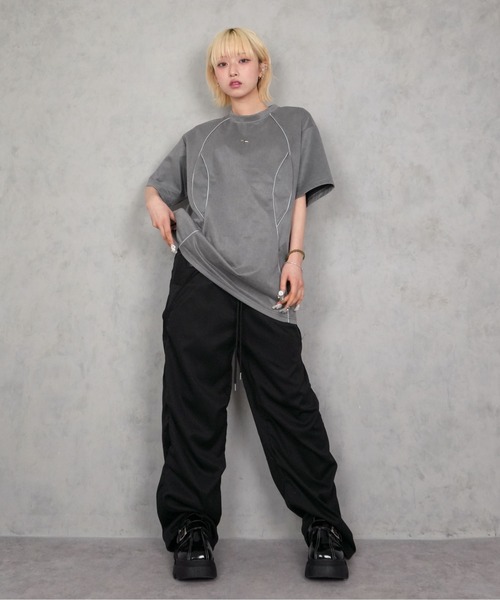 BARELY BLUE(ベアリーブルー)の「【 BARELY BLUE / ベアリーブルー 】 ラウンド ライン ワイドパンツ(カーゴパンツ・レディース・ブラック/チャコールグレー/ライトグレー・S/M/L/XL)」の14枚目の写真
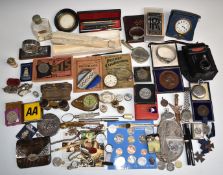 Collectable items including mother of pearl fan, Benson hallmarked silver cased pocket watch,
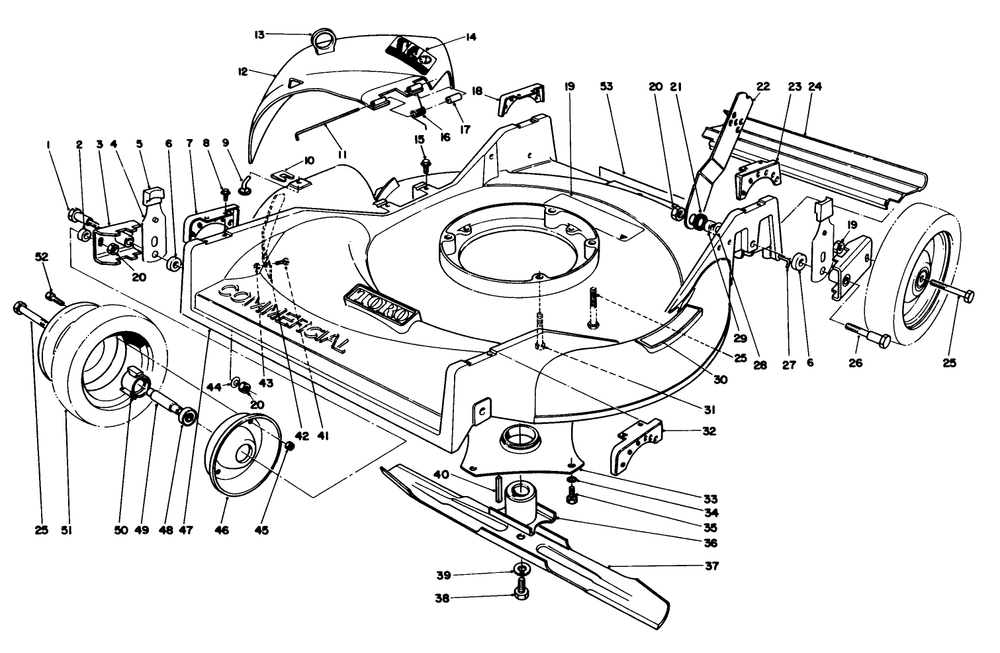 Housing Assembly Diagram and Parts List for 22025C 9000001 - 9999999 Toro Lawn Mower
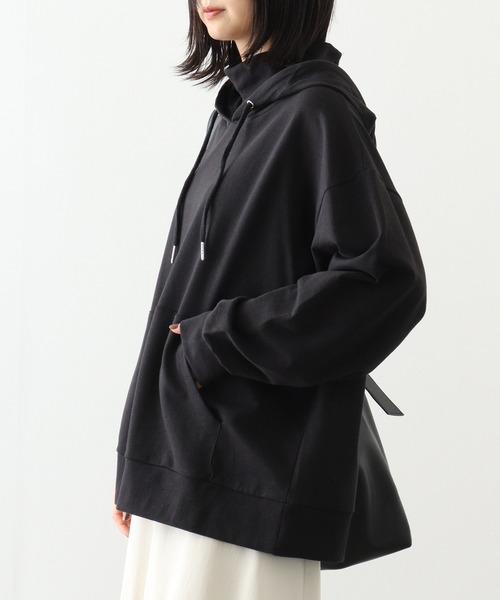 atONE（アットワン）の「atONE ハイネックリブ裏毛パーカー（パーカー・レディース・ホワイト/ブラック/オートミール・4L～5L/LL～3L/M～Ｌ）」の9枚目の写真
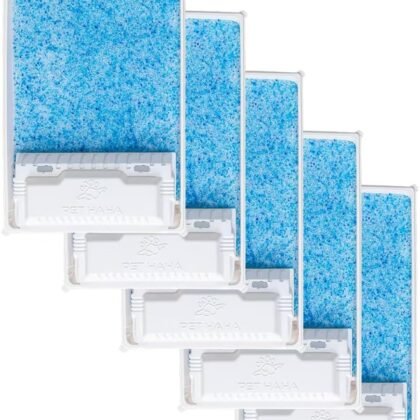 Crystal Cat Litter and Disposable Litter Trays 5 Sets Compatible with Petsafe Scoop-Free Classic/Legacy/Smart Litter Boxes, Triple Leak Proof Design, Excellent OdorControl, One-Hand Disposing.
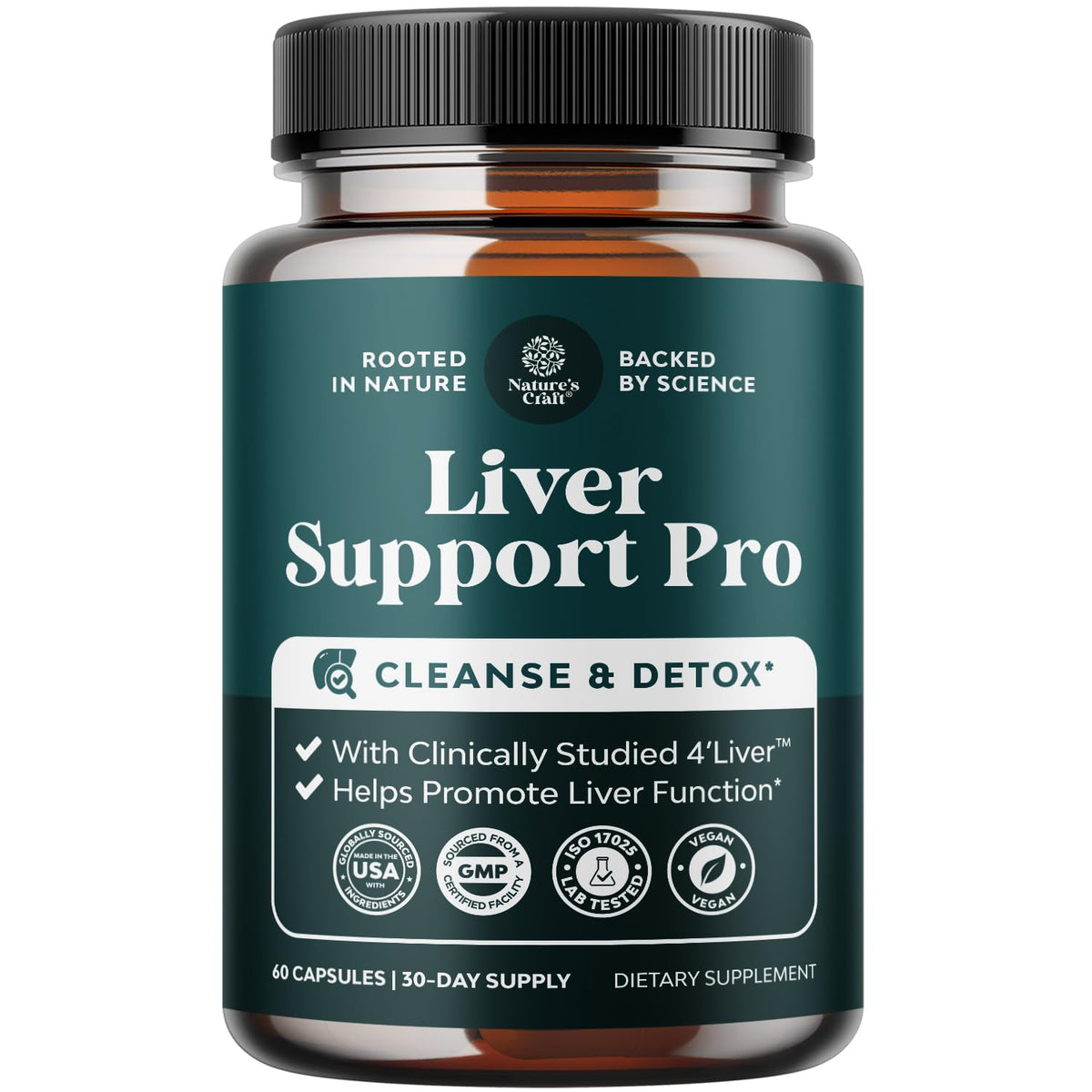 Natures Craft Pro Liver Support bottle showcases premium packaging for daily liver care.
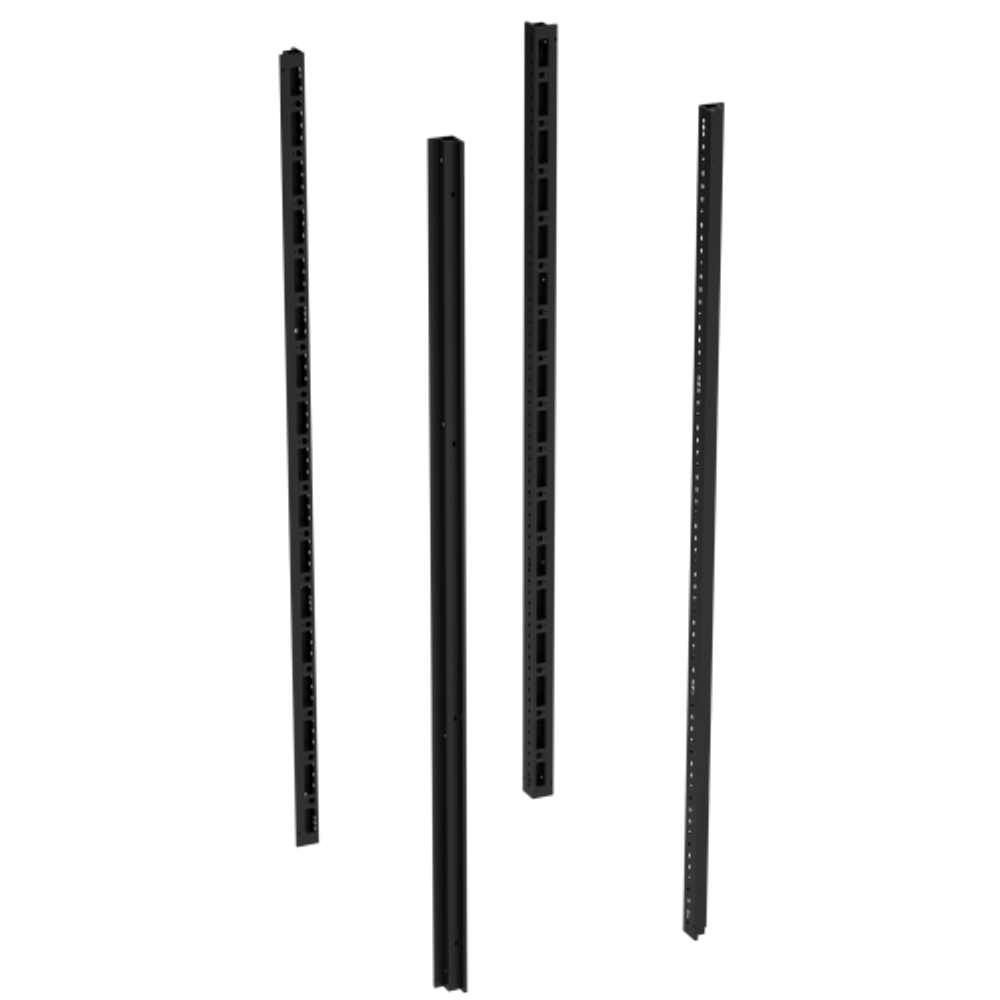 Стойки вертикальные для напольных 19" IT-корпусов ДКС серии CQE, В=1600мм, без дополнительных креплений, 4шт , RAL9005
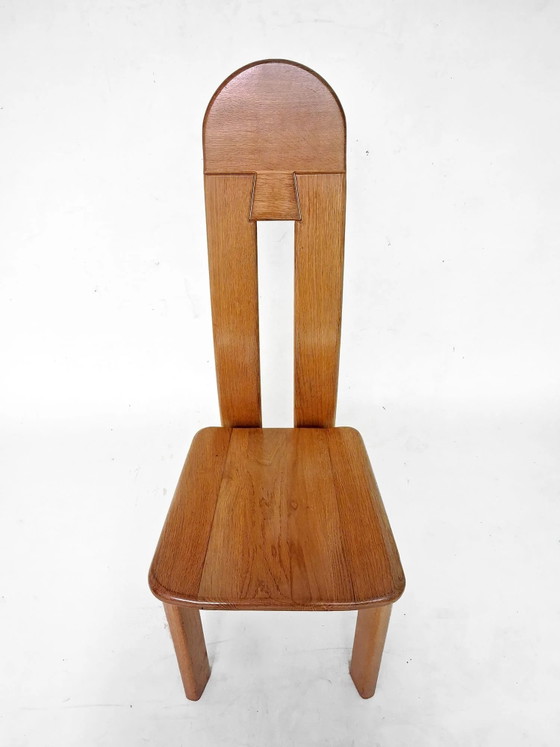 6 x De Puydt Rapsodie roble Brutalista silla de comedor de los años 70. – Sillas de comedor (photo 5 of 17)
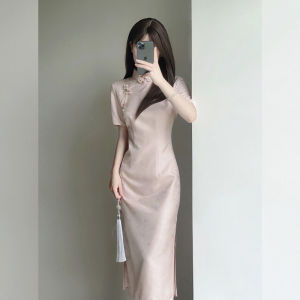 Elegant Pink Cheongsam Dress Slimming Young Style Chinese New Version High Waist Mid-Length Summer Fashion High-Quality Gown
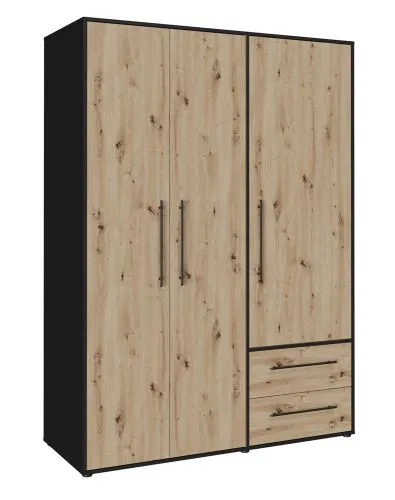Kleiderschrank Drehtürenschrank Mokko | mit Schubkästen | schwarz / Artisan Eiche | verschiedene Größen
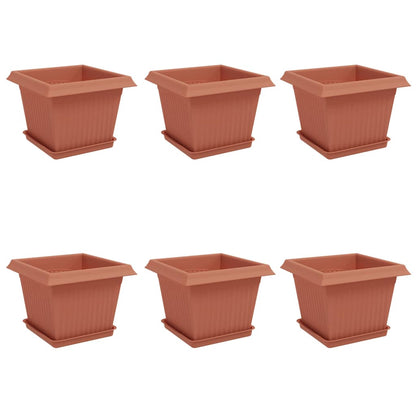 Macetas 6 Pcs Rojo Ladrillo 23 X 23 X 17,5 Cm Plástico_0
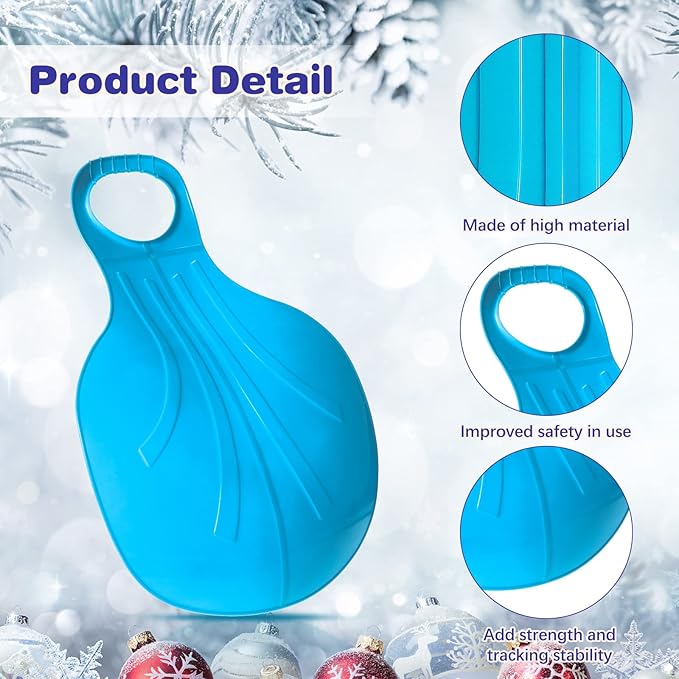 10 Pcs Snow Sled Board for Kids Outdoor Winter Plastic Skiing Boards with Handle Portable Downhill Sleds Snowboard Sleigh for Kids Snow Grass and Sand Boarding, 5 Colors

> _Task details_
Please return the lines above exactly, with the pictures omitted.

> _Output below_
 BARELY BLUE(ベアリーブルー)の「【 BARELY BLUE / ベアリーブルー 】 ラウンド ライン ワイドパンツ(カーゴパンツ・レディース・ブラック/チャコールグレー/ライトグレー・S/M/L/XL)」の14枚目の写真
 Collectable items including mother of pearl fan, Benson hallmarked silver cased pocket watch,
 Housing Assembly Diagram and Parts List for 22025C 9000001 - 9999999 Toro Lawn Mower
 atONE（アットワン）の「atONE ハイネックリブ裏毛パーカー（パーカー・レディース・ホワイト/ブラック/オートミール・4L～5L/LL～3L/M～Ｌ）」の9枚目の写真
 Crystal Cat Litter and Disposable Litter Trays 5 Sets Compatible with Petsafe Scoop-Free Classic/Legacy/Smart Litter Boxes, Triple Leak Proof Design, Excellent OdorControl, One-Hand Disposing.
 Natures Craft Pro Liver Support bottle showcases premium packaging for daily liver care.
 Стойки вертикальные для напольных 19" IT-корпусов ДКС серии CQE, В=1600мм, без дополнительных креплений, 4шт , RAL9005
 6 x De Puydt Rapsodie roble Brutalista silla de comedor de los años 70. – Sillas de comedor (photo 5 of 17)
 Elegant Pink Cheongsam Dress Slimming Young Style Chinese New Version High Waist Mid-Length Summer Fashion High-Quality Gown
Kleiderschrank Drehtürenschrank Mokko | mit Schubkästen | schwarz / Artisan Eiche | verschiedene Größen
 Macetas 6 Pcs Rojo Ladrillo 23 X 23 X 17,5 Cm Plástico_0
 10 Pcs Snow Sled Board for Kids Outdoor Winter Plastic Skiing Boards with Handle Portable Downhill Sleds Snowboard Sleigh for Kids Snow Grass and Sand Boarding, 5 Colors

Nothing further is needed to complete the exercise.